Monica Roberts' passing is a huge loss to the trans community. "Unapologetically Black, trans and proud" she'll be remembered for her monumental contributions as a journalist, writer, and activist. We should also remember her complicated and productive relationship with religion.
Roberts' life and story break open some of the ways LGBTQ people make use of the raw materials of religion, negotiate with religious discourses/structures, and forge new religious communities, theories, practices. Topics too often ignored by scholars and historians of religion.
What would it mean to tell Monica Robert's story with an attention to her religious experience, her theological critiques and creations? To acknowledge the dialectical relationship between her religion and her politics?

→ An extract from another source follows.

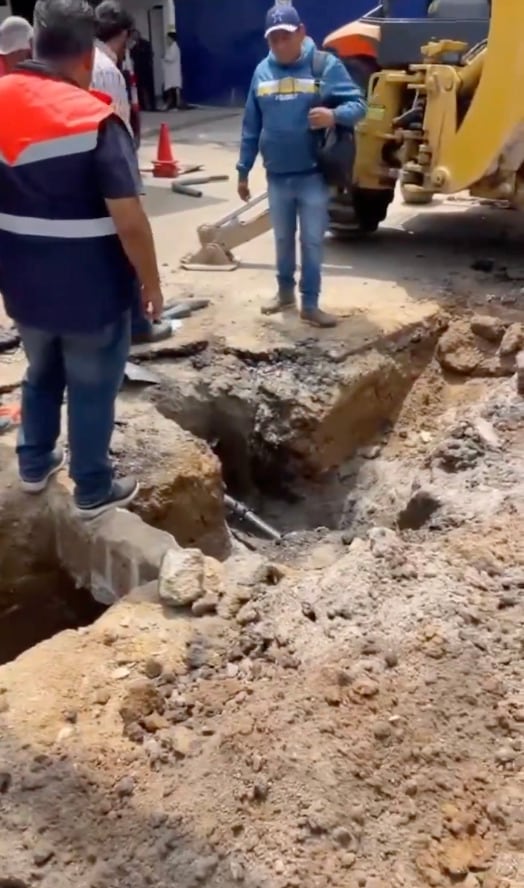 Fuga de gas cerca de UPIICSA del IPN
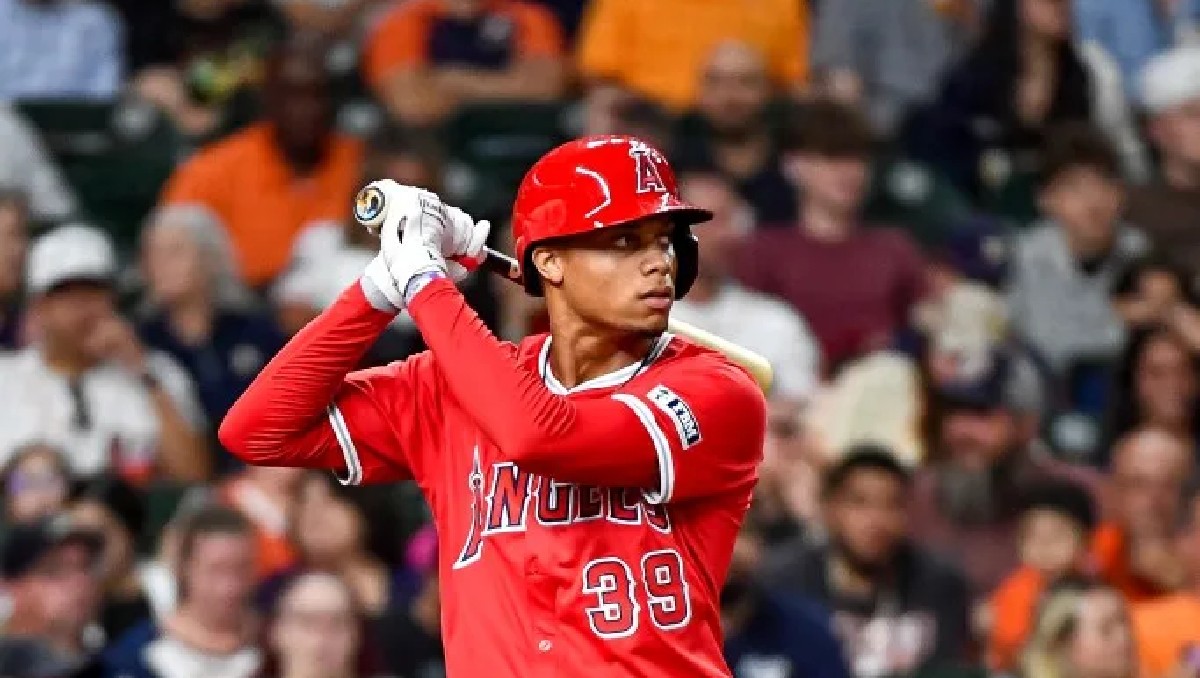 Jordyn Adams, de Grandes Ligas al futbol americano colegial con 26 años (AFP)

In part, telling Monica Robert's story as religious history would mean spending time with her own accounts of her faith and her resistance of white supremacist theologies of God. https://twitter.com/TransGriot/status/891313113957617668?s=20
It would mean giving attention to Robert's theological claims about God and God’s love. "God loves us too. We transgender people need to name it and proclaim it to all who will listen. We also need to...believe it with all our hearts as well." https://transgriot.blogspot.com/2009/04/nevr-let-anyone-tell-you-god-doesnt.html
It would mean recreating networks of theological exchange where Roberts, Tammy Faye Bakker, and the Lady Chablis cross paths. Where Black LGBTQ people of faith gather to strategize against attempts to use race as a wedge issue in debates over LGBTQ rights. https://transgriot.blogspot.com/2006/01/black-church-summit.html
Remembering Monica Robert's story as a religious history would mean examining how her criticism of Christian “conservafools” was inextricable from her own biblical hermeneutic. https://transgriot.blogspot.com/2011/12/bible-quotes-conservafools-need-to-read.html
It would mean spending time thinking critically about her theorizations of "faux faith" and her theological critiques of the religious right. https://transgriot.blogspot.com/2006/01/religious-right-ten-commandments.html https://twitter.com/TransGriot/status/742027485756461056?s=20
It would mean analyzing her assessments of the shifts in the rhetoric of religious opposition LGBTQ rights, and her understandings of faith-based attacks against trans people.
https://transgriot.blogspot.com/2013/08/faith-based-bigots-still-trying-and.html
https://transgriot.blogspot.com/2013/08/faith-based-bigots-still-trying-and.html
It would mean writing a religious history of the Houston Equal Rights Ordinance (HERO), Monica’s own involvement, and how the fight over non-discrimination was not primarily between religion and non-religious but between two different accounts of religion.
It would mean extending that story beyond the HERO's failure to account for afterward, how Roberts as head of the Houston GLBT Political Caucus organized a joint statement with Baptist ministers apologizing for the pain their opposition to HERO caused. http://www.offthekuff.com/wp/?p=87617
It would also mean paying attention to how and why Roberts sought to claim space for religion ( https://twitter.com/TransGriot/status/359728467757113346?s=20) and her grappling with the presumed secularism of LGBTQ activism. https://twitter.com/TransGriot/status/859118578645258241?s=20
Remembering Monica's story as a religious history would undoubtedly also include an account of how she was a "trans griot." Of how she lived into, navigated, and redefined that role.
It would include an account of the sacredness of her own activism. How Monica's indefatigable and careful work properly identifying, naming, and telling the stories of transgender people who had died and/or been misgendered was a kind of sacred work.
I hope Monica Roberts is remembered for the complex, varied, and impactful contributions she made in these and many many other ways. And I hope we as religious historians tell her story in all of its urgent and dazzling complexity.